* **SOURCE INFORMATION**:
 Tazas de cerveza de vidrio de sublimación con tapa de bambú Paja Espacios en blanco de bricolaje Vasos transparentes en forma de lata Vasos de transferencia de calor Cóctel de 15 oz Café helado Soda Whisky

---

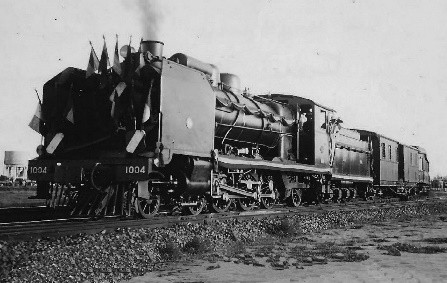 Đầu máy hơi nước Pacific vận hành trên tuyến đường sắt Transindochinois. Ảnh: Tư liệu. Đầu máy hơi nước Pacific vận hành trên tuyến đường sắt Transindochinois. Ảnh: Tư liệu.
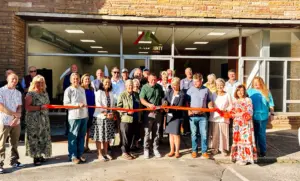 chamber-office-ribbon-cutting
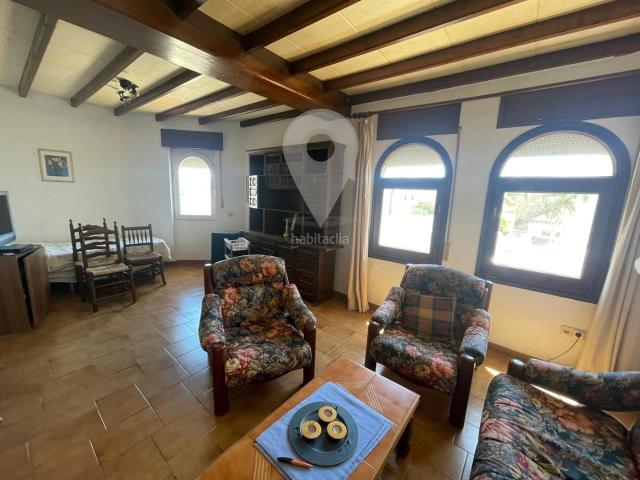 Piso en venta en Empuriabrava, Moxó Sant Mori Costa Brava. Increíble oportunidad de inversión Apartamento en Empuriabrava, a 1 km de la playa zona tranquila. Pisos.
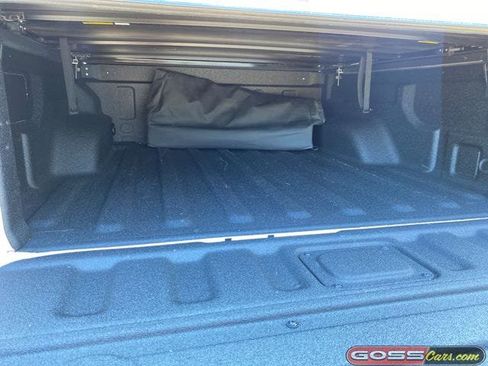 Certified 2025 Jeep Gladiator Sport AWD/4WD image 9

* **ACTIVITY**:
In the listing above, find the line with "Tư liệu. Đầu" and the line with "Certified 2025 Jeep". Copy exactly those two and every line between, without the pictures.

* **PROBLEM SOLUTION**:
 Đầu máy hơi nước Pacific vận hành trên tuyến đường sắt Transindochinois. Ảnh: Tư liệu. Đầu máy hơi nước Pacific vận hành trên tuyến đường sắt Transindochinois. Ảnh: Tư liệu.
 chamber-office-ribbon-cutting
 Piso en venta en Empuriabrava, Moxó Sant Mori Costa Brava. Increíble oportunidad de inversión Apartamento en Empuriabrava, a 1 km de la playa zona tranquila. Pisos.
 Certified 2025 Jeep Gladiator Sport AWD/4WD image 9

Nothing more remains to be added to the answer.